No en vano nuestro Colegio de Abogados fue golpista en 1973 y silente durante las violaciones a los derechos humanos en dictadura. Quizás la savia fresca del feminismo que quiere avanzar en su interior cambie esa organización, cuyo rostro sigue siendo sombrío. Pero el sistema que hemos creado funciona incentivando la mentira, la astucia, el ganar a cómo dé lugar.
¿Qué hacer? Pues un sistema nacional de abogados que deban contribuir con la administración de justicia. ¿Cómo? Reconociendo la labor social clave de los abogados y que sus honorarios deberían regularse desde un sistema público y provenir de un fondo social, premiando la calidad de su trabajo. Sé que no gustará lo que diré, pero mientras esto sea un mero mercado, habrá siempre profesionales dispuestos a todo.
Si el cliente es poderoso y millonario, muchos harán lo que se les diga aunque signifique dejar de lado la justicia y la lealtad al litigar.
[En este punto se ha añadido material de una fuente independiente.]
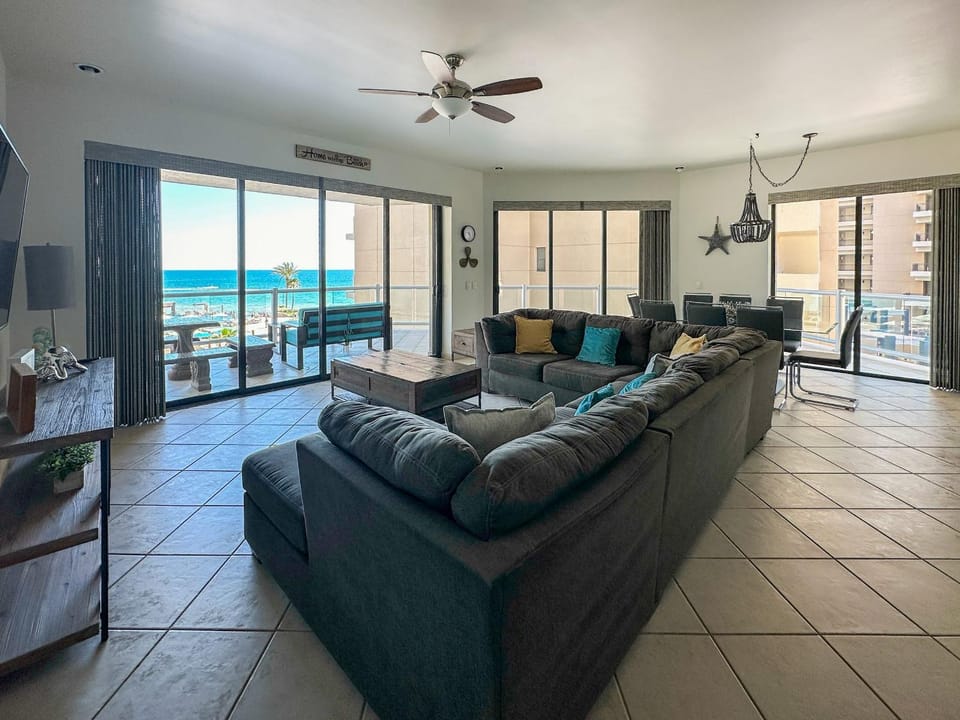 3BR Condo at Iconic Sandy Beach Area House in Rocky Point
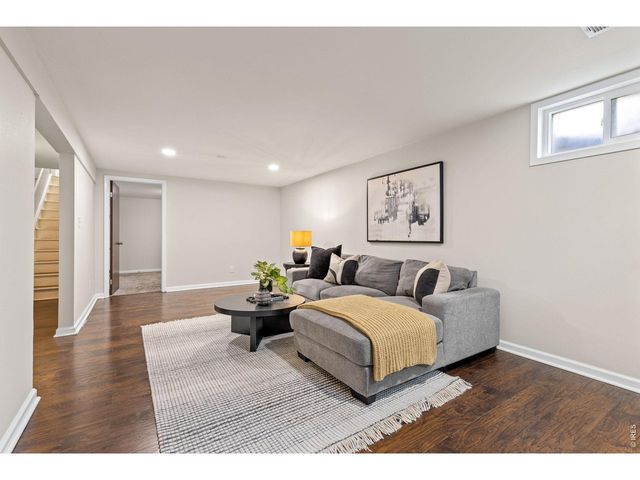 1120 Marigold Dr, Denver, CO 80221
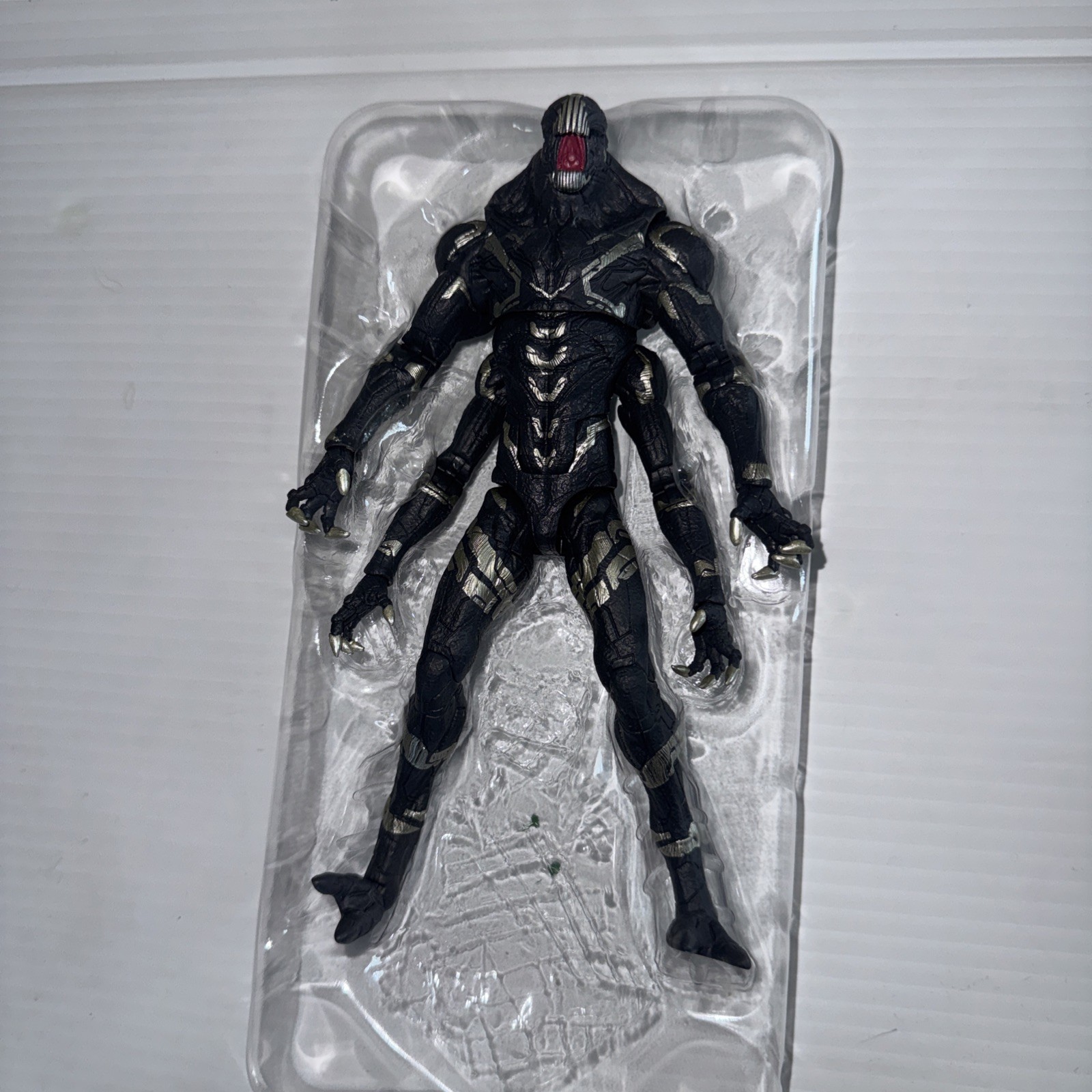 Marvel Legends Avengers Infinity War Outrider Suelto Completo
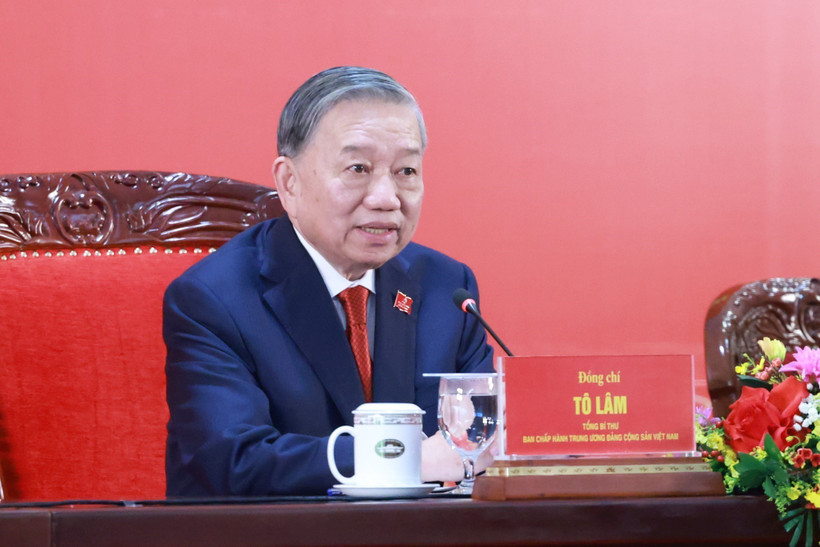 Le secrétaire général du Parti Tô Lâm (centre) préside la conférence de presse internationale sur les résultats du 14e Congrès national du Parti, à Hanoi, le 23 janvier. Photo : VNA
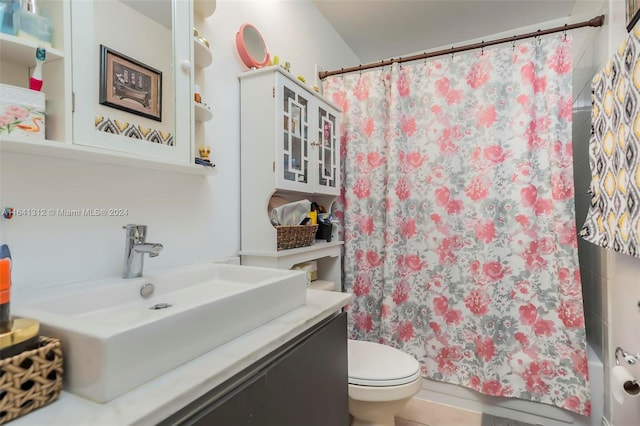 full bathroom with shower / bath combo with shower curtain, vanity, and toilet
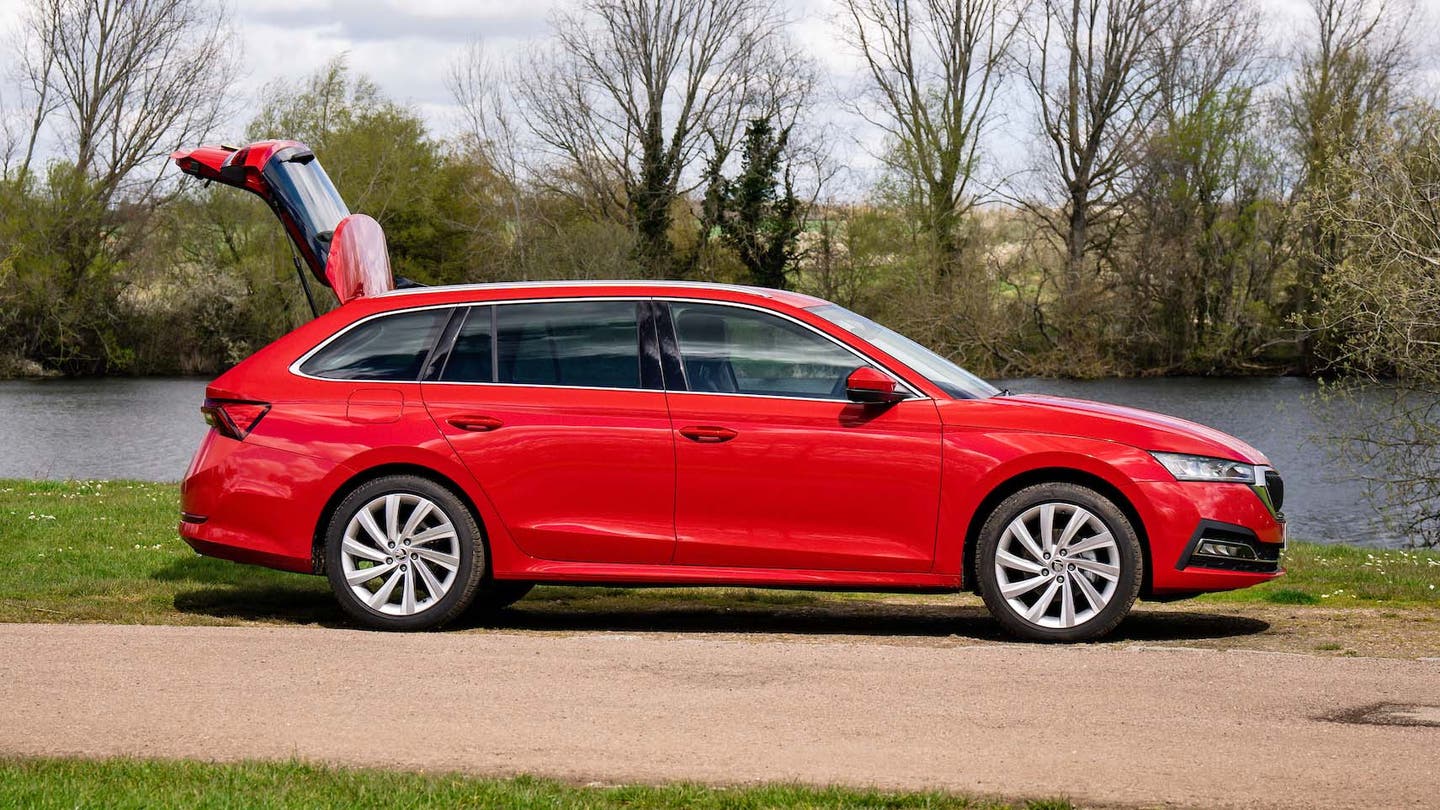 Skoda Octavia estate side on with boot open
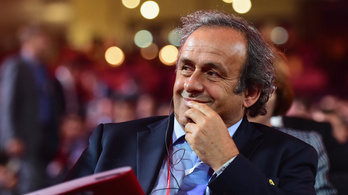Platini indul a FIFA-elnökségért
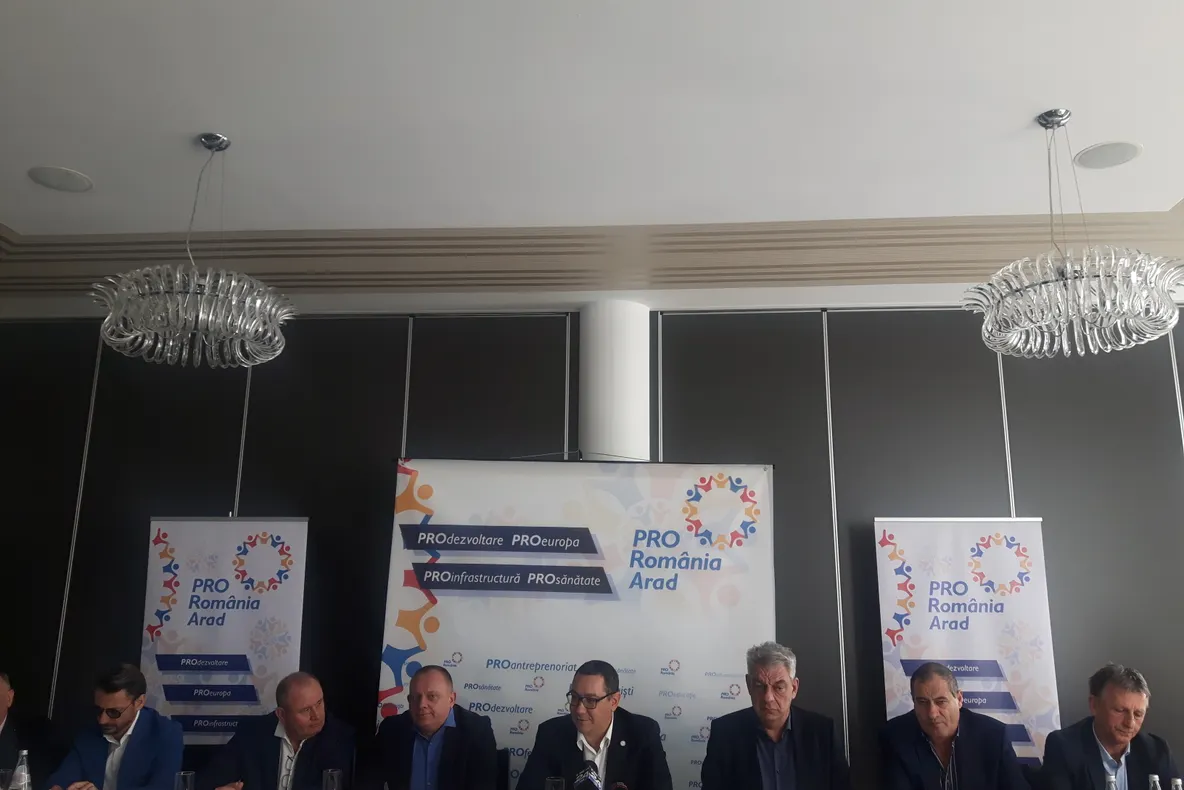 Arad: Mihai Tudose susține că Mihai Fifor s-ar fi răzgândit să sprijine grupul care voia schimbarea lui Liviu Dragnea. Ce a mai spus Victor Ponta despre Fifor
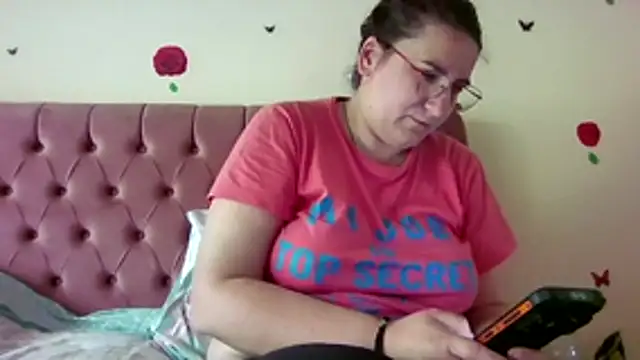 Dana92va online show from April 27, 2026, 9:07 am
Podemos discutir lo que quieran y debatir cuanto se desee, pero el desprestigio de los jueces -que son abogados- y de los abogados no es gratuito. Y el problema no es solo de cada persona. El asunto es estructural y tiene que ver con nuestra forma de entender la administración de justicia. No pretendo tener toda la razón ni que mis proposiciones sean las mejores o siquiera aceptables, pero el debate está pendiente y hay que tenerlo.
Por ahora, si seguimos así, los abogados seguiremos siendo un grupo de personas poco confiables. Como en el viejo chiste de quien, al encontrarse frente a una tumba que decía “Aquí descansan los restos de un gran abogado y de una gran persona”, corrió a la recepción del cementerio para denunciar que había dos personas dentro de la misma tumba. No podremos salir del desprestigio si no modificamos sustancialmente el sistema.
Sancionar a Guerra o Hermosilla, siendo justo y razonable, no es el final del camino que debemos recorrer. El problema es que Guerra quiso ser consejero del Consejo de Defensa del Estado, se convirtió en “fiscal de la gente” y podría haber seguido escalando; el problema es que Hermosilla asesoraba gobiernos y ministros, y algún día pudo ser un ministro de Justicia.
Y eso es un problema porque quiere decir que personas con tan poco amor a la justicia, a la verdad, a la igualdad, a la tolerancia o al respeto, pueden escalar muy alto en un sistema que no les pone cortapisas.
Guerra y Hermosilla son un problema, pero no el más grave. El problema es el sistema y el tipo de estructuras en las que ese tipo de personas puede prosperar.